“Were you going to the workhouse?” said Captain Carbonel, coming up, and offering an arm to each lady, as was the fashion in those days.
“We thought of it. All the poorest people are there, of course.”
“And the worst,” said the captain. “No, I will not have you go there. It is not fit for you.”
For besides that he was very particular about his ladies, and had no notion of letting them go to all the varieties of evil where they could hope to do good, like the ladies of our days, the workhouse was an utterly different place from the strictly disciplined union houses of the present Poor Law. Each parish had its own, and that of Uphill had no master, no order, but was the refuge of all the disorderly, disreputable people, who could not get houses, or pay their rent, who lived in any kind of fashion, on parish pay and what they could get, and were under no restraint.
While the captain was explaining to them what he had heard from Farmer Goodenough, a sudden noise of shouting and laughing, with volleys of evil words, was heard near the “Fox and Hounds.”
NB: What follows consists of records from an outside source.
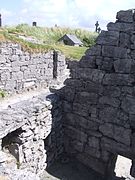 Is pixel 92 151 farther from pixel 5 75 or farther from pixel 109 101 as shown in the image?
pixel 5 75

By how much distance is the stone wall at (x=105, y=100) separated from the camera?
9.23 m

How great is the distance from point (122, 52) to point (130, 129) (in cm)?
231

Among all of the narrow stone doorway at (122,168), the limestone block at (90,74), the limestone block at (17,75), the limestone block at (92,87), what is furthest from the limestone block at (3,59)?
the narrow stone doorway at (122,168)

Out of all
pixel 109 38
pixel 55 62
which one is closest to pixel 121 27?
pixel 109 38

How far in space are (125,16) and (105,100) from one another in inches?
102

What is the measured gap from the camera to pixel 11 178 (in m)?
6.17

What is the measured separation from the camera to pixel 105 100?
966 centimetres

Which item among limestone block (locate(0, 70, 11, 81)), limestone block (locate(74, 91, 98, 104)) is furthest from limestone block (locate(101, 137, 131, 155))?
limestone block (locate(0, 70, 11, 81))

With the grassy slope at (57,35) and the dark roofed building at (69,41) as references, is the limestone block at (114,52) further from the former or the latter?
the dark roofed building at (69,41)

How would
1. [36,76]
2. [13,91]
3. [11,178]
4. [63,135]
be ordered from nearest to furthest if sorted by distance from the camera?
1. [11,178]
2. [63,135]
3. [13,91]
4. [36,76]

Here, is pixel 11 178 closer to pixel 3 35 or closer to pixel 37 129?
pixel 37 129

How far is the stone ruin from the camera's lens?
8.97 meters

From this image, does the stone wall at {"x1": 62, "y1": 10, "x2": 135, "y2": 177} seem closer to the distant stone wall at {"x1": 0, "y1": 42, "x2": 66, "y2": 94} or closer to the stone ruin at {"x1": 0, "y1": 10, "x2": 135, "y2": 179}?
the stone ruin at {"x1": 0, "y1": 10, "x2": 135, "y2": 179}

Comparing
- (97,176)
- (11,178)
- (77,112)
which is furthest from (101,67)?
(11,178) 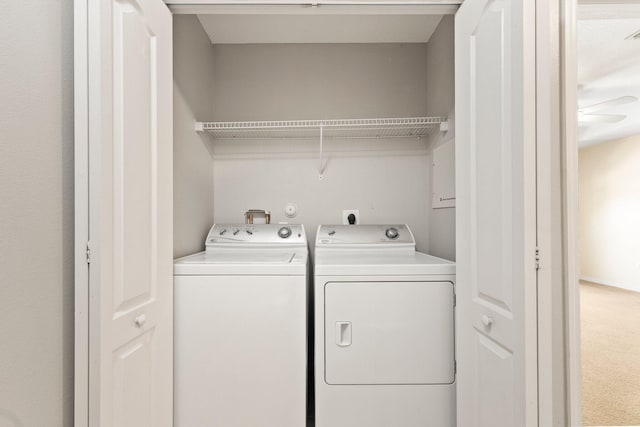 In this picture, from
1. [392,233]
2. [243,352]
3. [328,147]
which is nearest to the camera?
[243,352]

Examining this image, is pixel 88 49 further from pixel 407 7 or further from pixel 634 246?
pixel 634 246

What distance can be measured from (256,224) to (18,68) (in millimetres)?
1516

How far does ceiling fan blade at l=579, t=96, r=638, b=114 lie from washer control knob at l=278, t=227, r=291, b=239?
163 cm

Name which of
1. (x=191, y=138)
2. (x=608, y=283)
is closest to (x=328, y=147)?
(x=191, y=138)

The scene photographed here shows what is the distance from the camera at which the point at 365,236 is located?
2.22 metres

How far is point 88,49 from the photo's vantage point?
1.02 metres

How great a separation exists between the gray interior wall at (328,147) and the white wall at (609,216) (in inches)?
57.6

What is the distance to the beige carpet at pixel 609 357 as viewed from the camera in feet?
3.27

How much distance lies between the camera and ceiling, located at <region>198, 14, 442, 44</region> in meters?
2.24

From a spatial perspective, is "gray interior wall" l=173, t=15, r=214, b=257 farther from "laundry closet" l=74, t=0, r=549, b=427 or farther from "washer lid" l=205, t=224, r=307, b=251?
"washer lid" l=205, t=224, r=307, b=251

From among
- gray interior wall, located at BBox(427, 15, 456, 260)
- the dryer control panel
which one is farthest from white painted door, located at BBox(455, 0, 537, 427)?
the dryer control panel

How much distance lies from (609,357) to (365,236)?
136cm

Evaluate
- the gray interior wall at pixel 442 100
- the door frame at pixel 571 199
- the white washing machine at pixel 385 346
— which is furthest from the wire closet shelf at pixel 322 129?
the door frame at pixel 571 199

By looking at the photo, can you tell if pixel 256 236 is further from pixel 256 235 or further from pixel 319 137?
pixel 319 137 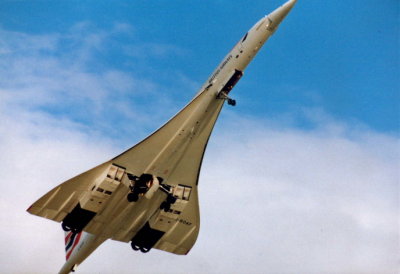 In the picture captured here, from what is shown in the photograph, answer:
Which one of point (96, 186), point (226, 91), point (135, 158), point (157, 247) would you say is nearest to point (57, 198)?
point (96, 186)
“What is that?” asked Dora, of a tidy young woman coming her way.
“That’s only the chaps at old Sam,” she answered, as if it was an ordinary sound. And on them exclaiming, she explained. “Samson Sanderson, that’s his name, sir. He be what they calls non-compos, and the young fellows at the ‘Fox and Hounds’ they have their fun out of he. They do bait he shameful.”
Violent shouts of foul words and riotous laughter could be distinguished so plainly, that Captain Carbonel hastily thrust his wife and sister into the nearest cottage, and marched into the group of rough men and boys, who stood holloaing rude jokes, and laughing at the furious oaths and abuse in intermittent gasps with which they were received.
“For shame!” his indignant voice broke in. “Are you not ashamed, unmanly fellows, to treat a poor weak lad in this way?”
There was a moment’s silence. Then a great hulking drover called out, “Bless you, sir, he likes it.”